With respect to the tool metaphor, its extended version now includes (together with the software students can use to produce information, i.e., editors or at most word processors) office automation suites and special tools for the analysis of a large amount of data and for browsing specific contexts (usually provided with authoring, co-authoring functions).

Finally, the extension of the tutee metaphor is mainly represented from tools for the creation of special developmental environments, such as the ones Papert created with LOGO.

Key Terms in this Chapter

E-Learning Platform: An information system that schools, universities, and institutions can use for teaching (only online or supporting traditional teaching) which can have the following features (all together or individually): a) be a content management system (CMS), guaranteeing the access to didactic materials for the students; b) be a learning management system (LMS), where the use of learning objects makes easier the learning of a given topic; c) be a computer-supported collaborative learning system (CSCLS), which makes easier the use of collaborative and situated teaching/learning strategies; and d) build a virtual community of students, tutors, and professors using knowledge management (KM) strategies.

Learning Style: The personal way individuals think and learn. Also, if each individual develops a preferred set of approaches to learning, many authors suggest a well-defined set of learning models. Research seems to agree on the following elements: a) the adoption of special teaching strategies can make easier learning for students or not, depending on their learning styles; b) learning styles can evolve with individuals; and c) individuals’ learning styles can be modified by special learning environments.

Mental Scheme: The set of concepts, and dependencies among them, that individuals carry out for facing the problem of interpreting phenomena, without any reference to scientific knowledge or disciplinary paradigms.

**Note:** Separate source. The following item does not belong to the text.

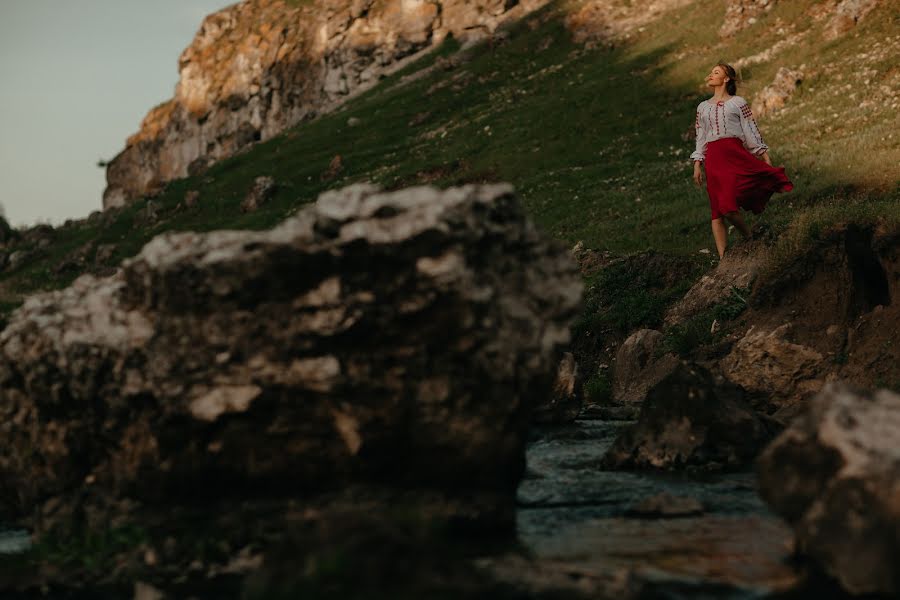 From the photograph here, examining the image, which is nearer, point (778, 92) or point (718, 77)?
point (718, 77)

Web Technologies: The set of all instruments that allows people to use the Web and its protocols for improving communication and acquiring information. These are based on hardware, which are mostly networks of computers, and software resources, which are mostly Web servers using the HTTP protocol for communicating, interfaced with RDBMS (relational data base management systems).

Online Action Research: Uses the Internet for extending the features of traditional action research and its cyclical structure, based for many authors on five different phases: diagnosing, action-planning, action-taking, evaluating, and specifying learning. The Internet allows the continuous monitoring of action-research events and gives the researcher a further instrument to study phenomena and intervene on them.

Portfolio: The report collecting documents, scores, interviews, and so forth, and demonstrating the students’ skills, achievements, learning, and competencies, with respect to: a) previously defined areas of skill, b) specific learning outcomes from these areas, c) appropriate learning strategies that have to be developed by the student, and d) performance indicators.

Misconceptions (Preconceptions): Wrong ideas people manifest while explaining phenomena, with respect to scientific paradigms (i.e., people’s ideas are evaluated with respect to scientific ones). The term preconception is adopted when the wrong idea appears before people meet curricular disciplines. The term misconception is used to mark the students’ mistakes in phenomena interpretation.